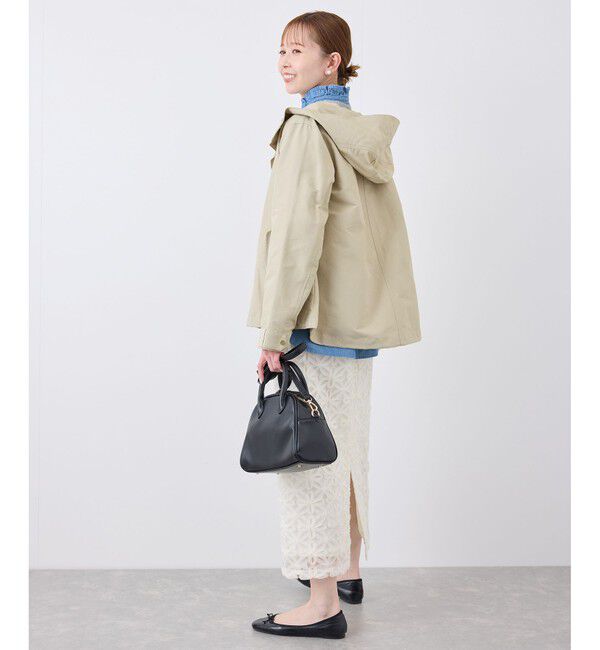 Rope&rsquo;Picnic「【花粉ガード・撥水加工】ベーシックマウンテンパーカー　スプリングコート」|その他|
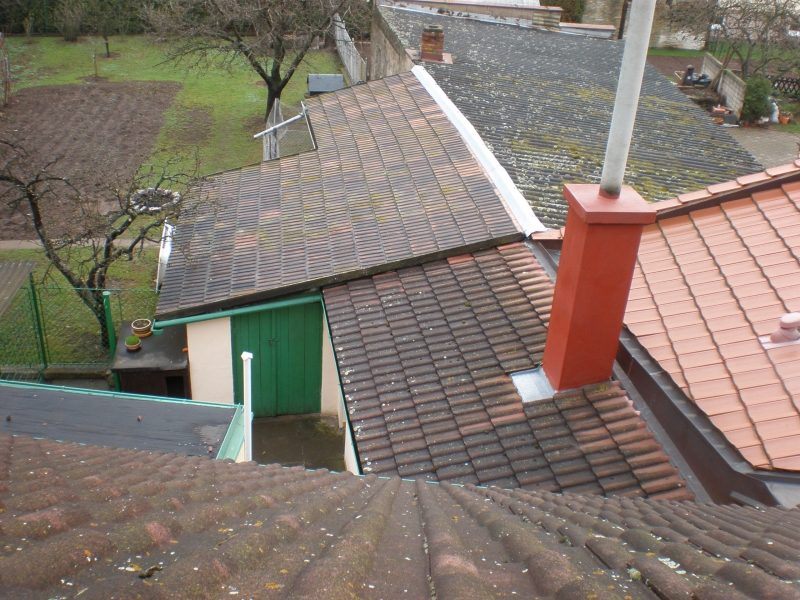 Nátěr taškové střechy - Obrázek 1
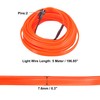 X AUTOHAUX 5 Meter/16ft Interior USB Neon EL Wire String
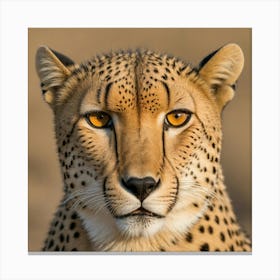 Wild Art 51 Canvas Print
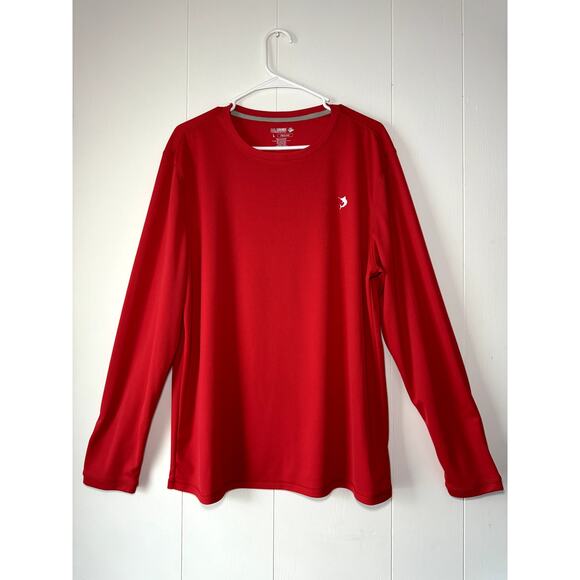 Men's Reel Legends Performance Outfitters Freeline Long Sleeve Top, Size L - Picture 2 of 9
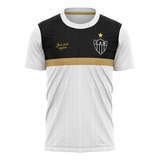 Camiseta Masculina Atlético Mineiro Torcer Galo Forte Raízes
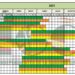 Calendario de previsión de publicación de vacantes para el año 2021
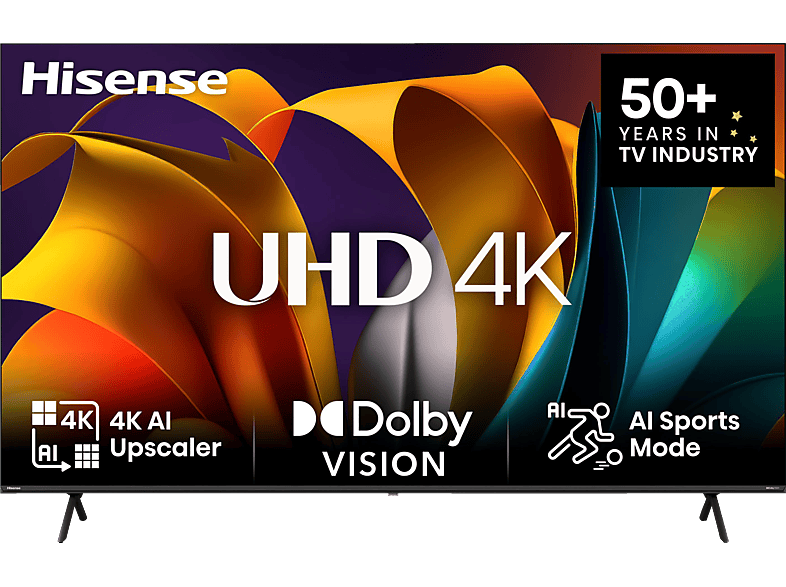 HISENSE 85A6N LED TV (Flat, 85 Zoll / 214,78 cm, HDR 4K, SMART TV)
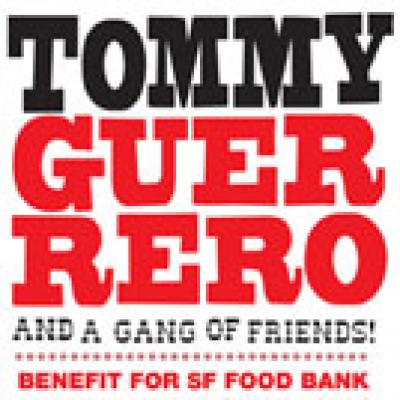 Tommy Guerrero Food Bank Benefit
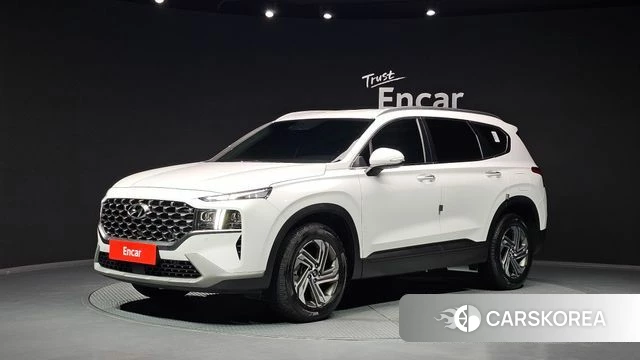 Hyundai The New Santa Fe 2022 Белый из Кореи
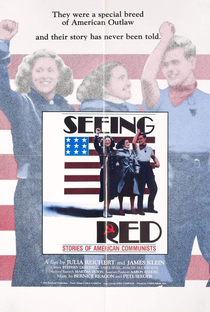 Seeing Red: Stories of American Communists - Poster / Capa / Cartaz - Oficial 1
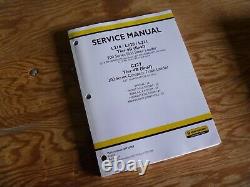 New Holland C227 Tier 4B Compact Track Skid Steer Loader Engine Service Manual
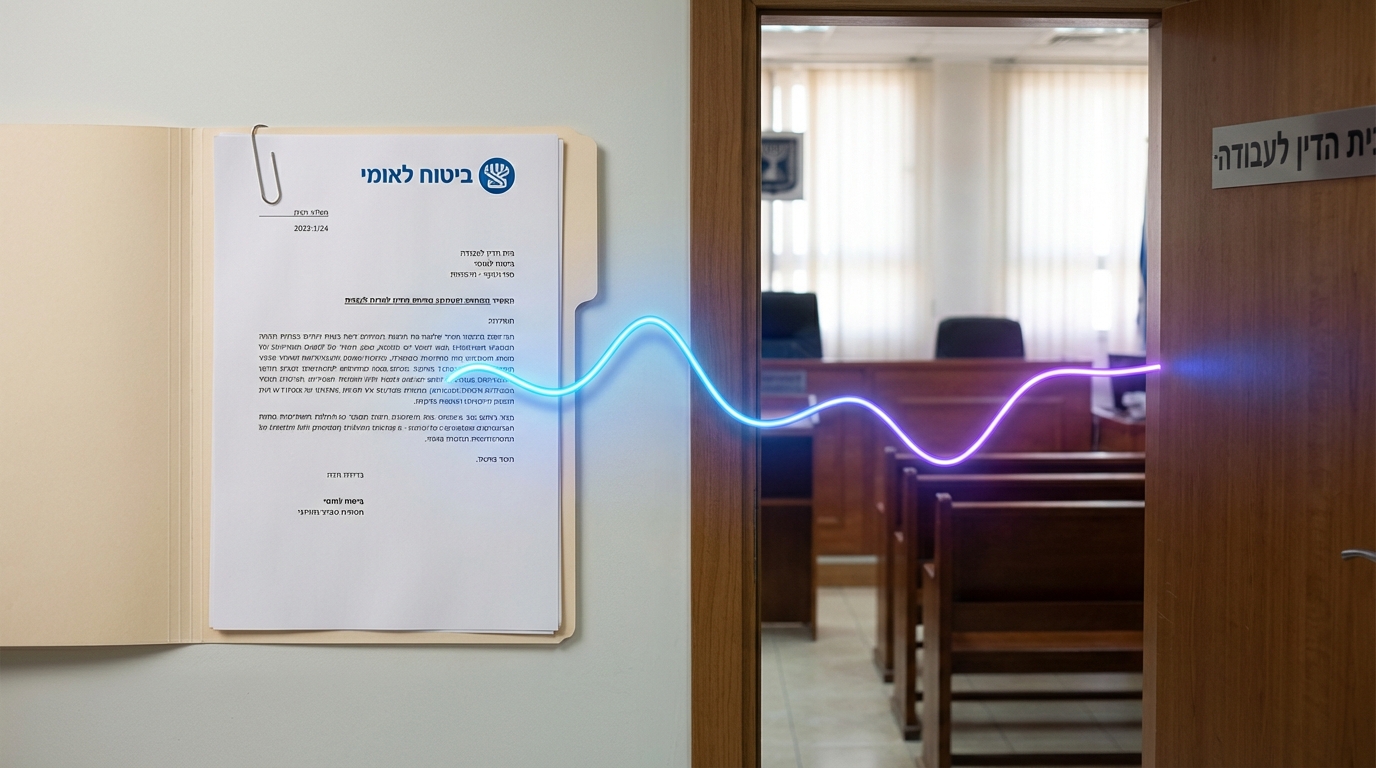 עצירת עיקול וצעדי גבייה כשיש קנסות ביטוח לאומי — מה עושים קודם?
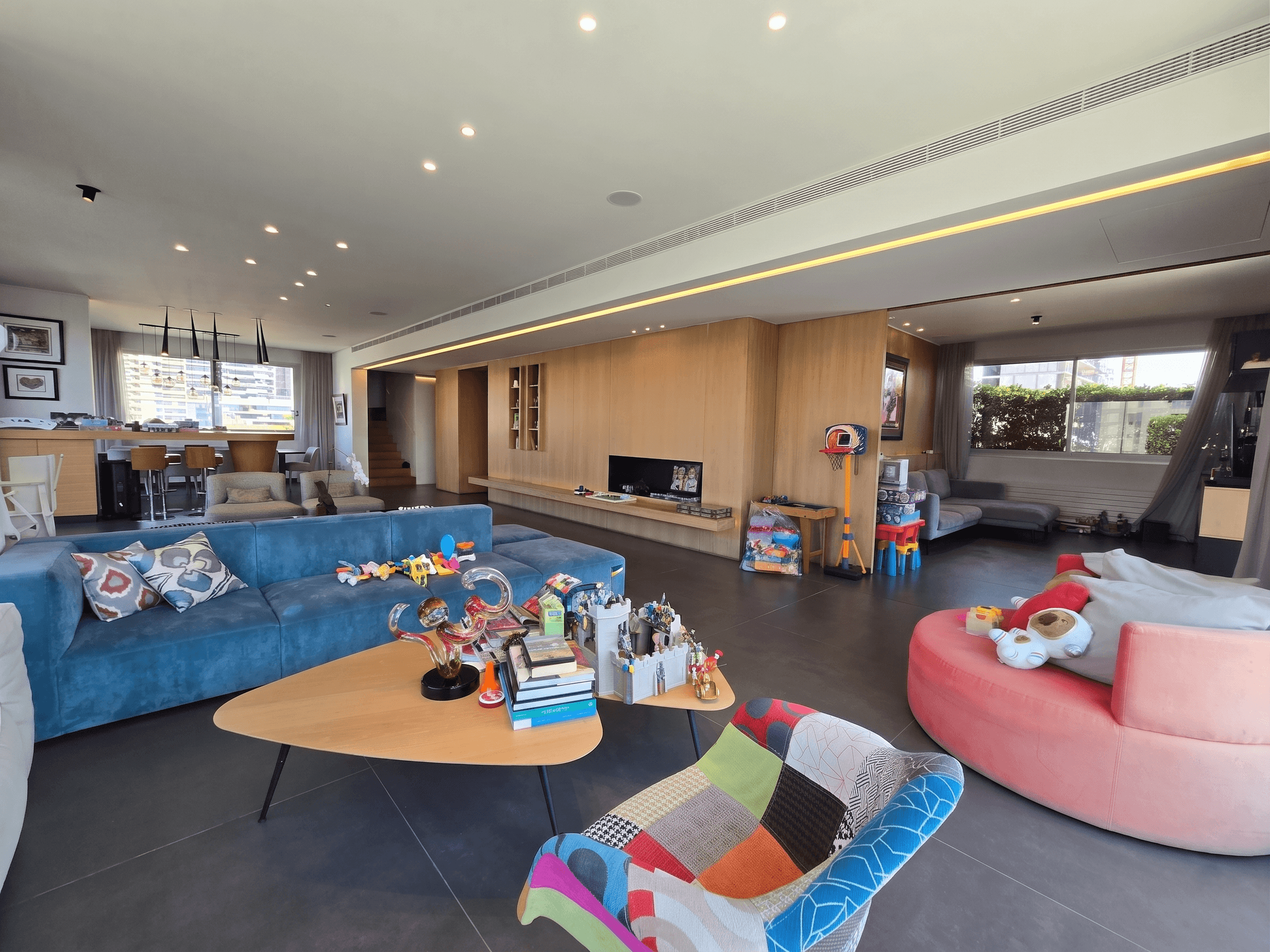 Triplex with Private Pool for Sale in Achrafieh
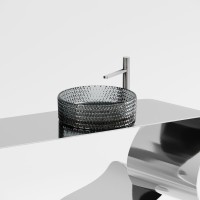 Накладная раковина Ceramicanova Cristal CN6060 черная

- _YOUR GOAL_
Word for word, give the entries above again, with no images included.

- _SOLUTION_
 Rope&rsquo;Picnic「【花粉ガード・撥水加工】ベーシックマウンテンパーカー　スプリングコート」|その他|
 Nátěr taškové střechy - Obrázek 1
 X AUTOHAUX 5 Meter/16ft Interior USB Neon EL Wire String
 Wild Art 51 Canvas Print
 Men's Reel Legends Performance Outfitters Freeline Long Sleeve Top, Size L - Picture 2 of 9
 Camiseta Masculina Atlético Mineiro Torcer Galo Forte Raízes
 Calendario de previsión de publicación de vacantes para el año 2021
 HISENSE 85A6N LED TV (Flat, 85 Zoll / 214,78 cm, HDR 4K, SMART TV)
 Tommy Guerrero Food Bank Benefit
 Hyundai The New Santa Fe 2022 Белый из Кореи
 Seeing Red: Stories of American Communists - Poster / Capa / Cartaz - Oficial 1
 New Holland C227 Tier 4B Compact Track Skid Steer Loader Engine Service Manual
 עצירת עיקול וצעדי גבייה כשיש קנסות ביטוח לאומי — מה עושים קודם?
 Triplex with Private Pool for Sale in Achrafieh
 Накладная раковина Ceramicanova Cristal CN6060 черная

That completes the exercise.